#1 Sur le mur rouge, derrière le comptoir et les serveurs qui s’activent sur les tireuses, une marelle dessinée sur toute la surface. Terre. Ciel. Et six cases pour y arriver. Attendre le ciel en quelques enjambées. Je termine ma bière et j’essaie de retrouver en mémoire cette sensation de l’enfance, le saut et la brûlure de l’air froid de l’hiver. Combien de cases pour s’extraire du noir froid de la nuit?
#2 Dans l’entrée de l’appartement, le dimanche soir, elle, qui enlève ses chaussures. Elle a de longs cheveux noirs, je crois, et elle pleure sans bruit. Elle essuie les larmes sur ses joues et retient les sanglots. Elle, dont le visage et la silhouette, se confondent avec la photographie de la femme sur le carton du sèche-cheveux, celui rangé soigneusement dans le meuble orange, dans la salle de bain de l’enfance.
#3 Au moment où je remontais à vélo la rue de la mésange, le brouillard en nappes épaisses tombait sur la ville, absorbait tout, même la cathédrale.

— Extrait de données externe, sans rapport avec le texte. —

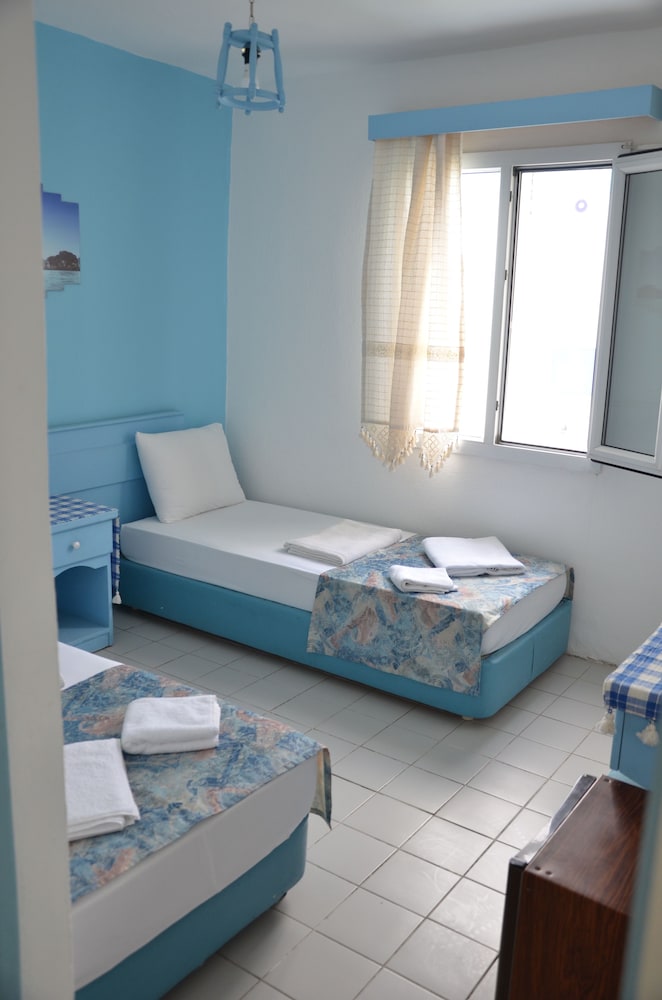 Standard Double or Twin Room photo 3
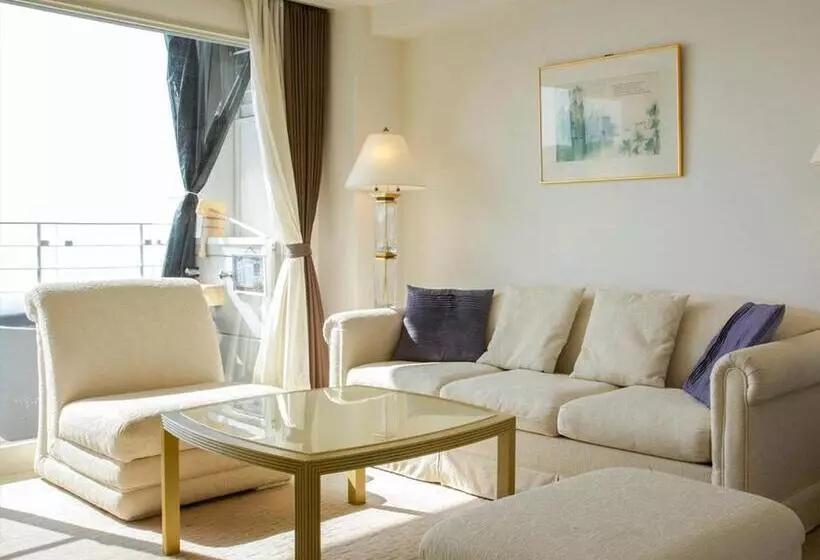 テラス付スイート, Livemax Resort Setouchi Seafront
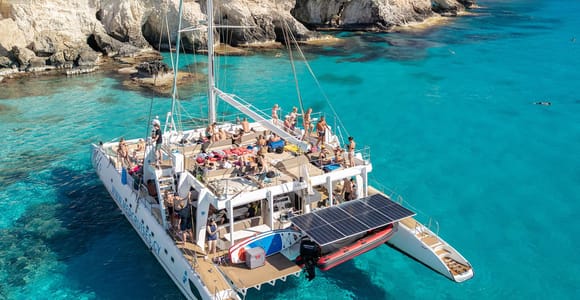Ayia Napa/Protaras: Morning Catamaran with Open Bar & Buffet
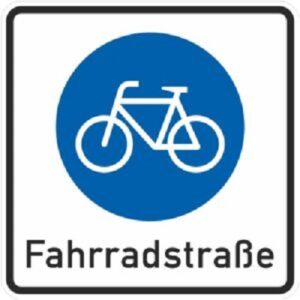 Blaues Verkehrsschild mit Fahrradsymbol und Text "Fahrradstraße". bodenmarkierung-profishop.de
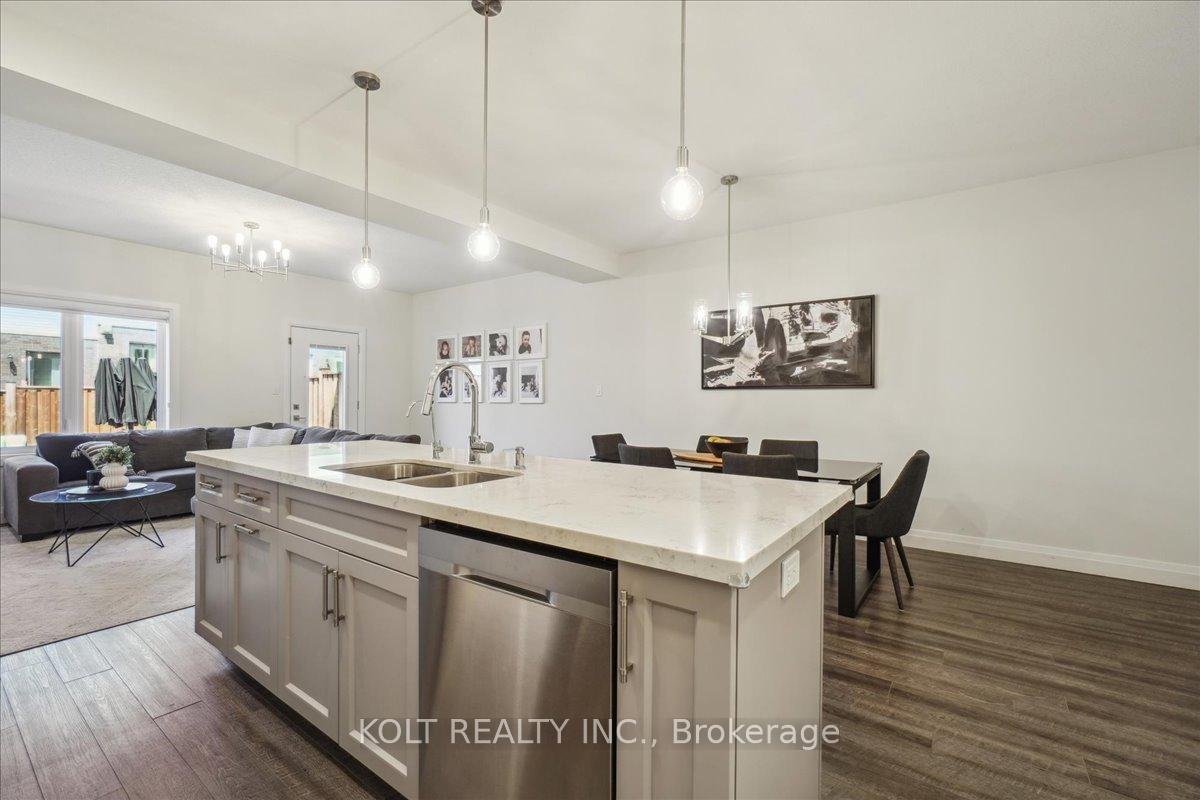 Photo 19 of 40 Wideman Boulevard, Guelph, Victoria North — HOMEH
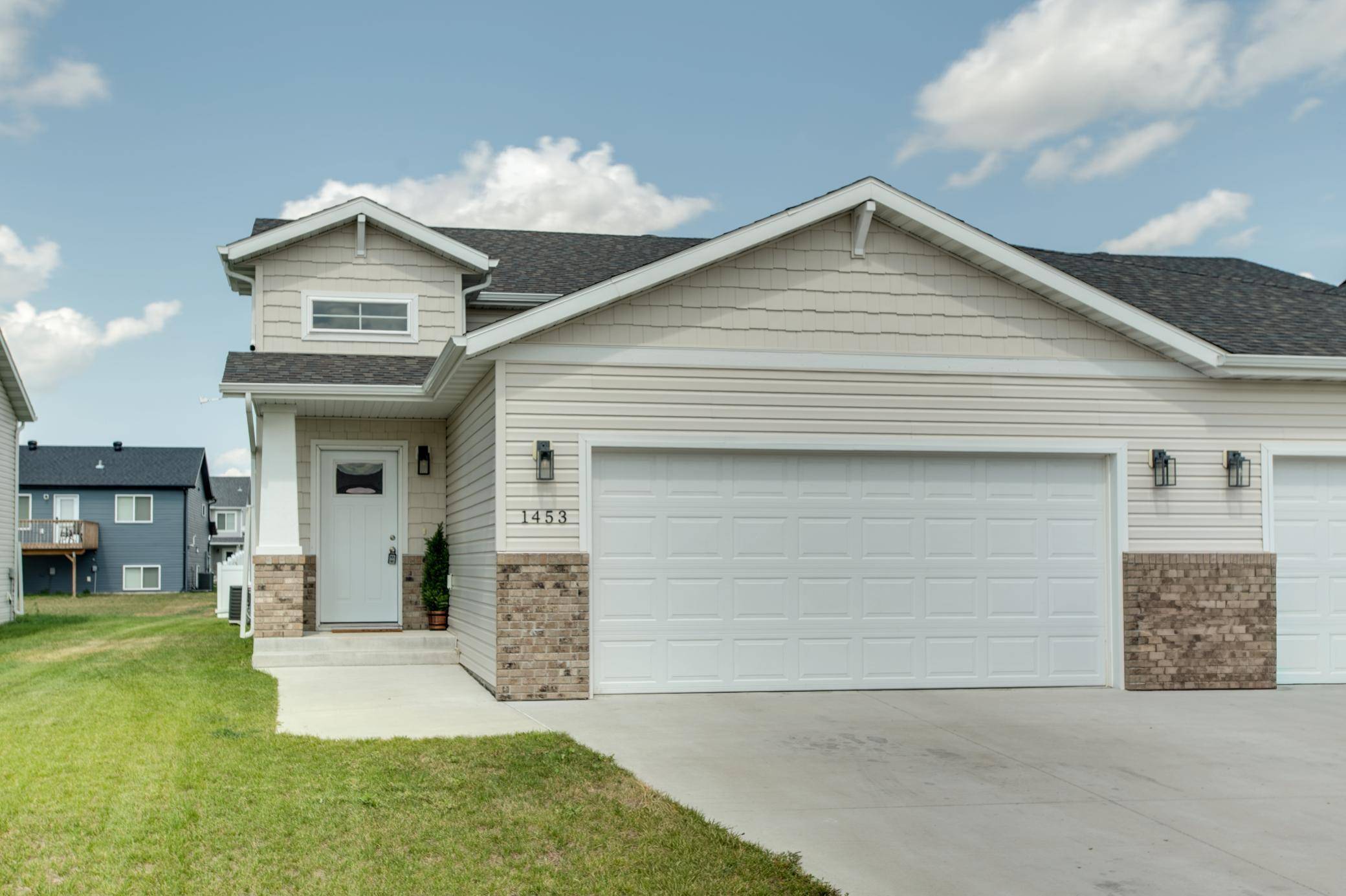 1453 69th AVE S, Fargo, ND 58104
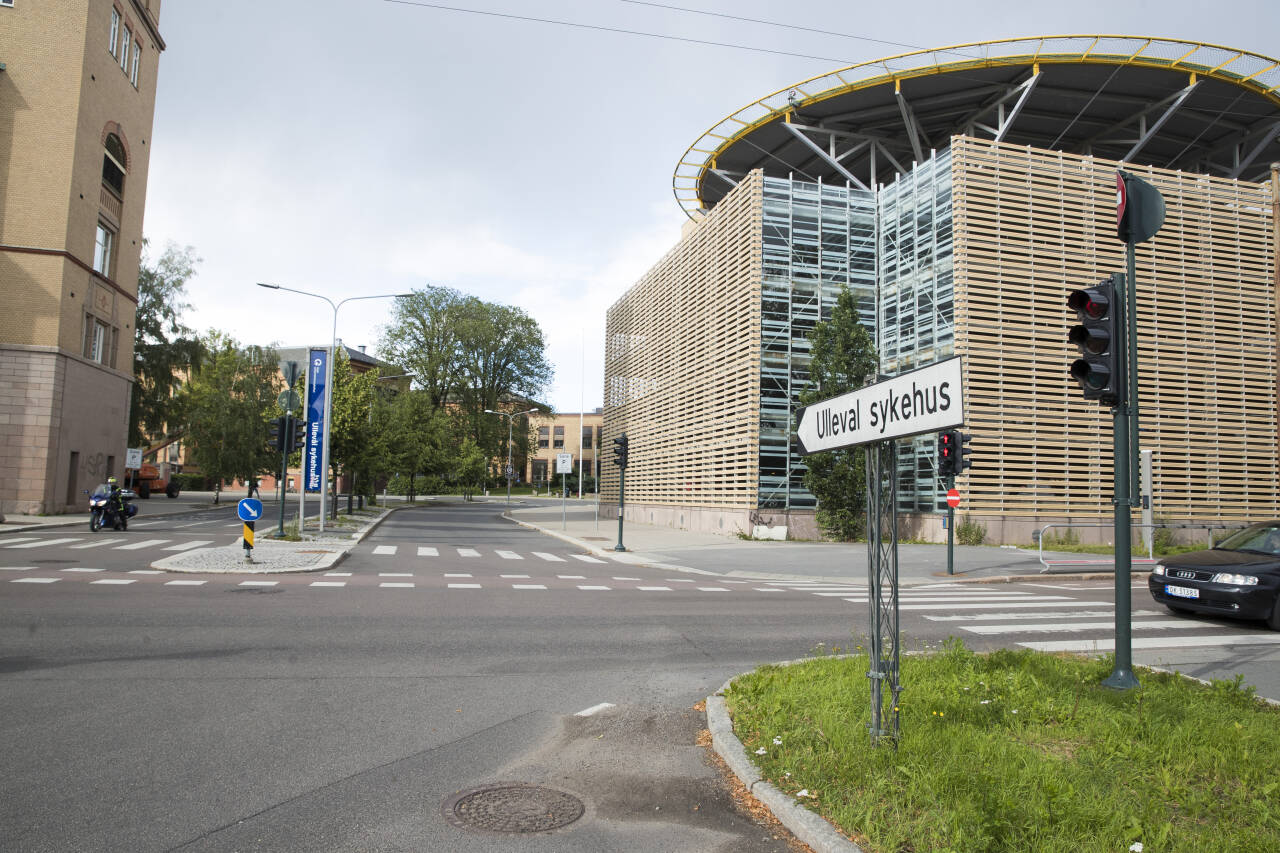 Spesialisthelsetjenesten omfatter sykehus, psykisk helsevern, spesialisert rusbehandling, rehabilitering og habilitering, og ambulansetjenesten. Her er Ullevål sykehus i Oslo. Illustrasjonsfoto: Terje Pedersen / NTB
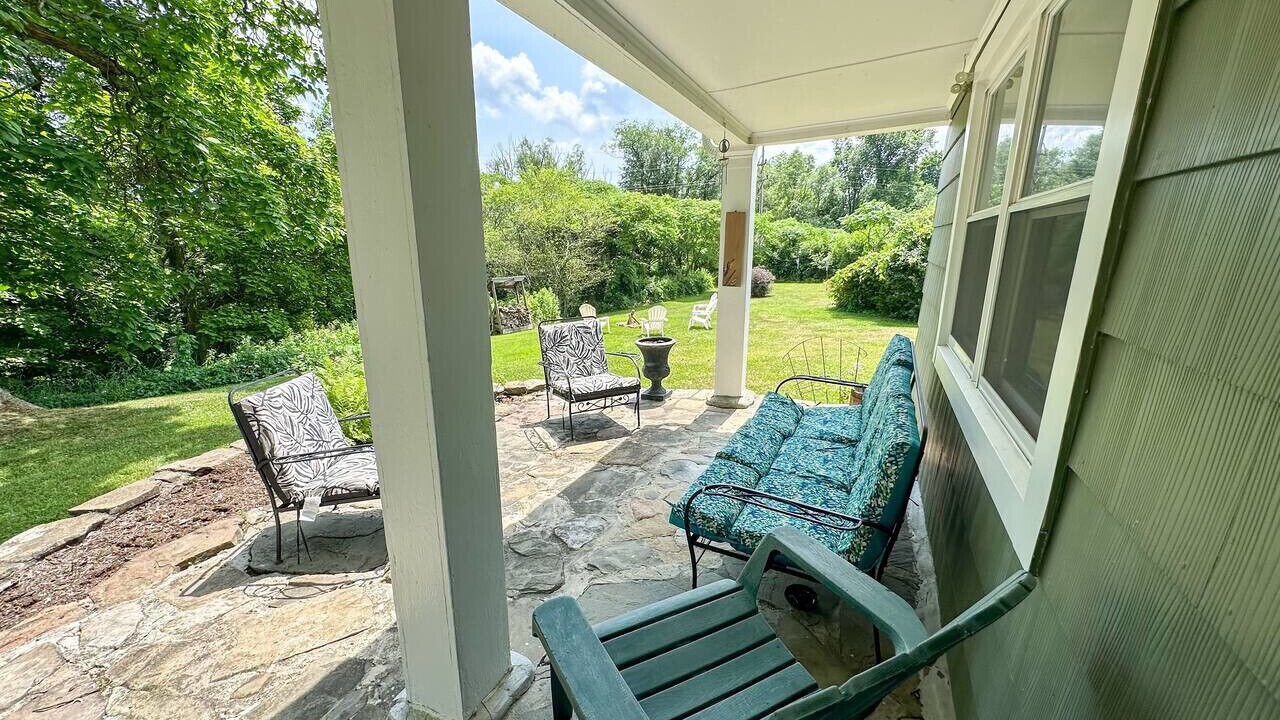 Photo of Patio Balcony in Prattsburgh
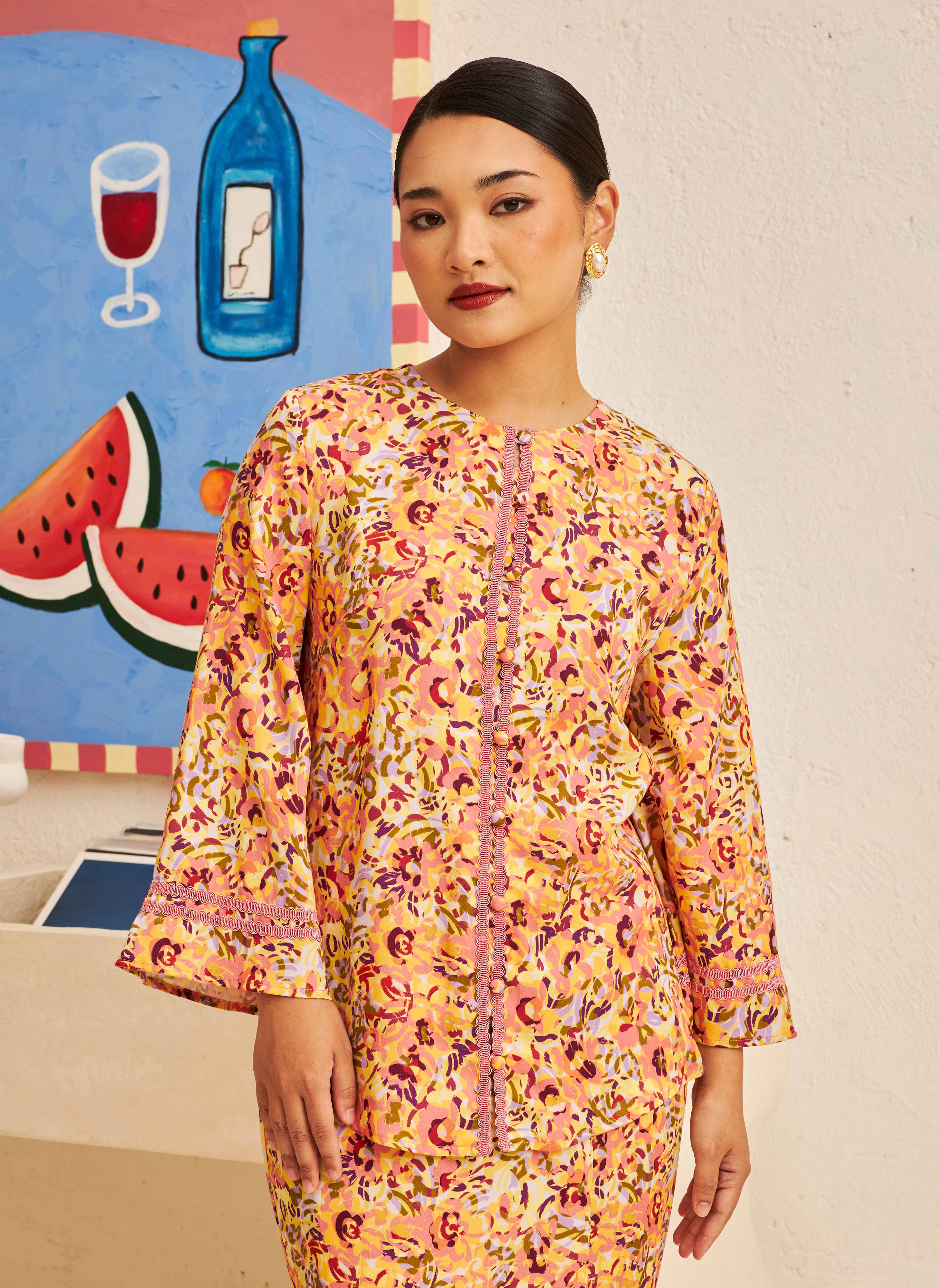 FLORES Kurung Kedah Set in Clementine
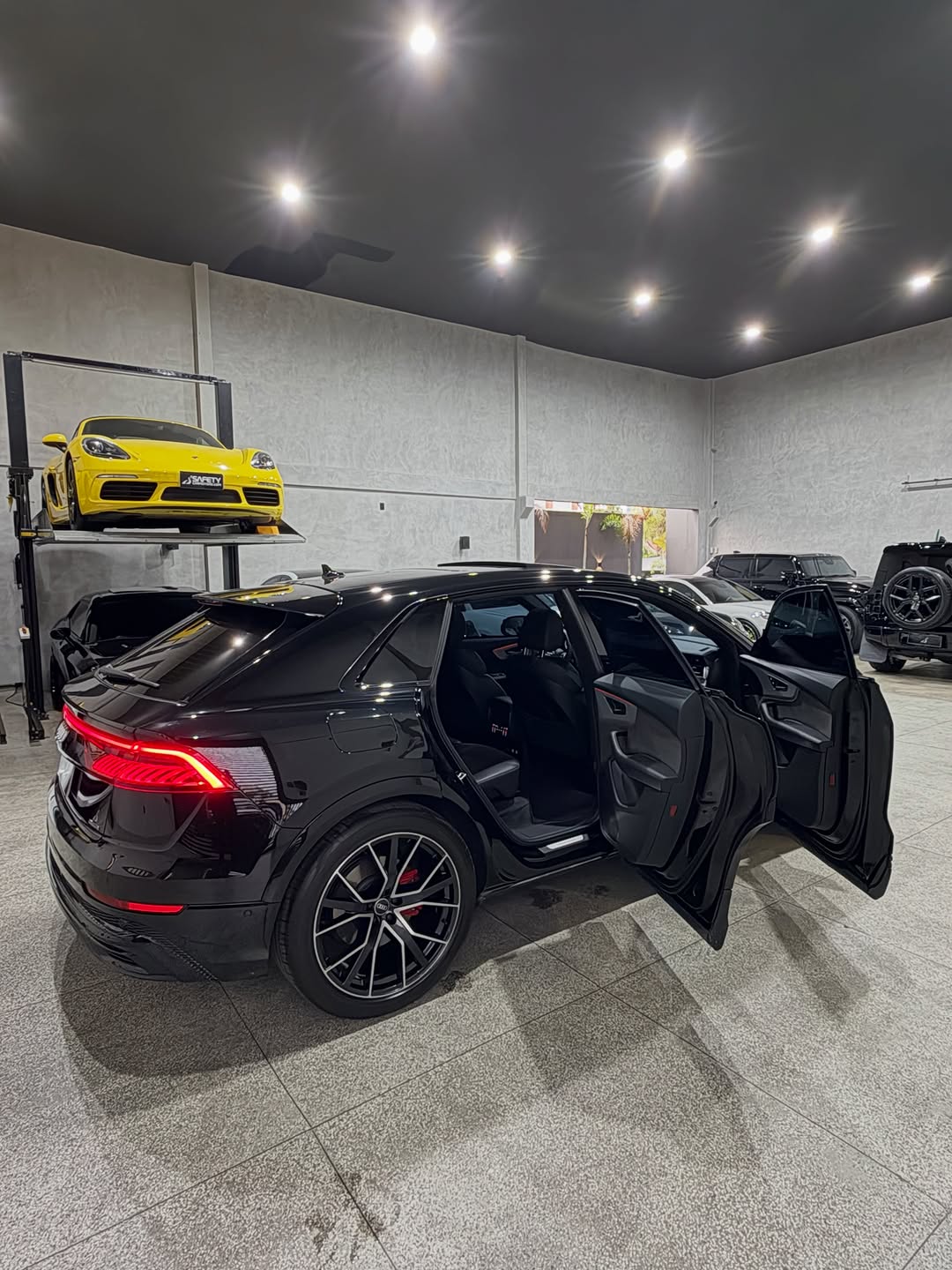 AUDI Q8 QUATTRO PERFORMANCE BLACK S-LINE - Imagem 14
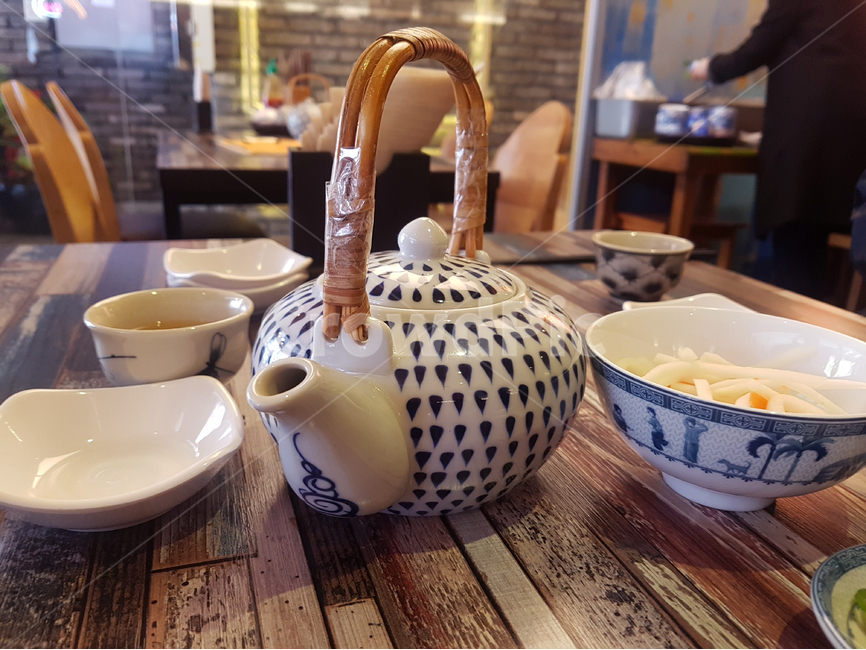 차,찻잔,잔,주전자,아시아,아시아차,아시아주전자,주전자패턴,패턴,주전자디자인,디자인,잔디자인,컵,컵디자인,컵패턴,파란색컵,파란색주전자,주전자무늬,무늬,포인트,반찬,반찬사진,반찬음식,베트남주전자,베트남찻잔,베트남컵,접시,흰접시,베트남음식점,베트남식당,식당테이블,테이블,나무테이블,테이블패턴,탁자,탁자사진,테이블사진,컨셉,컨셉사진,플레이팅,따뜻함,따뜻한차,따뜻한음료,나무손잡이,손잡이,동양,동양미,인테리어,소품,가게인테리어,가게소품,식당,분위기,식당분위기,동양느낌,동양그릇,동남아음식점,동남아,건강,헬스웨어,헬스케어,healthware,health care,음료수,drink,beverage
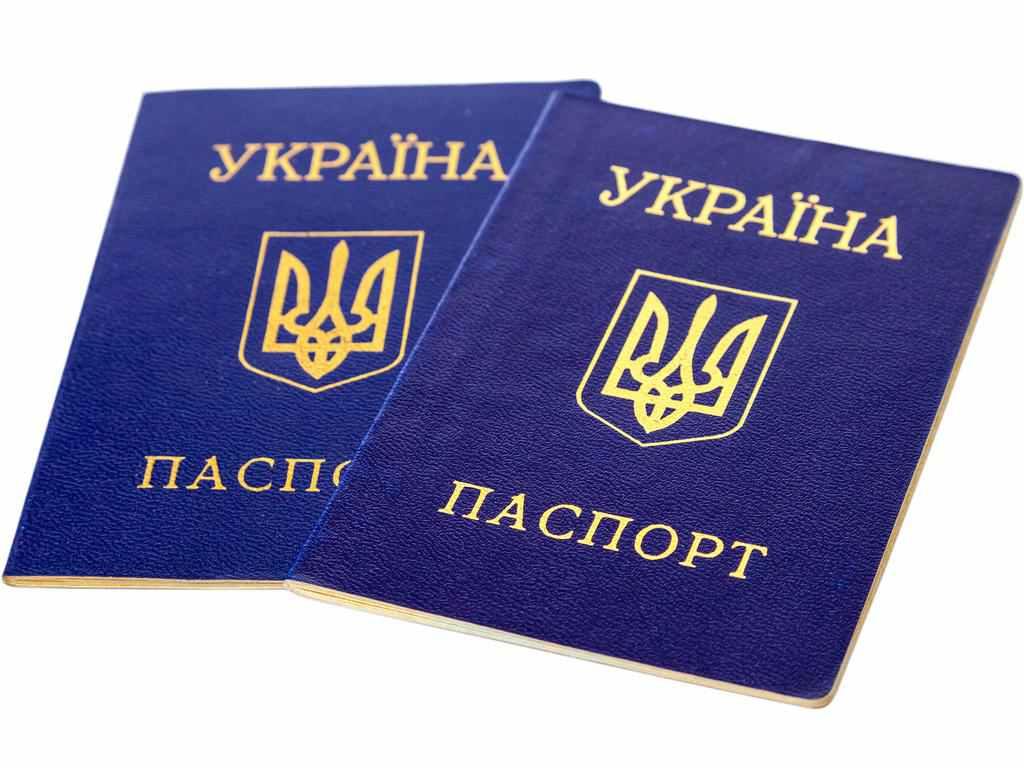 За подвійне громадянство хочуть позбавляти депутатського мандату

Un monde se laissait engloutir de l’autre côté de la ligne de tram, devenait images d’archives, photographie vieillie. Il aurait fallu traverser et se laisser envahir par la brume. Disparaître et renaître ailleurs?
#4 La tête lourde de sommeil qui arrache au monde ses couleurs de printemps. La récompense immédiate qui s’allume, comme un bonbon interdit et qui emporte les heures sur son passage.
#5 Je suis la peau du ciel qui se penche à tes oreilles. Je suis la voûte tapissée dans ta tête qui se remplit d’orages, de gerçures et de mines. Je suis cette fenêtre là-bas qui se laisse caresser le dos. Je suis cette ombre la nuit qui grimpe sur les toits, qui s’agrippe aux antennes comme à des arbres, à des branches à travers lesquelles regarder les étoiles.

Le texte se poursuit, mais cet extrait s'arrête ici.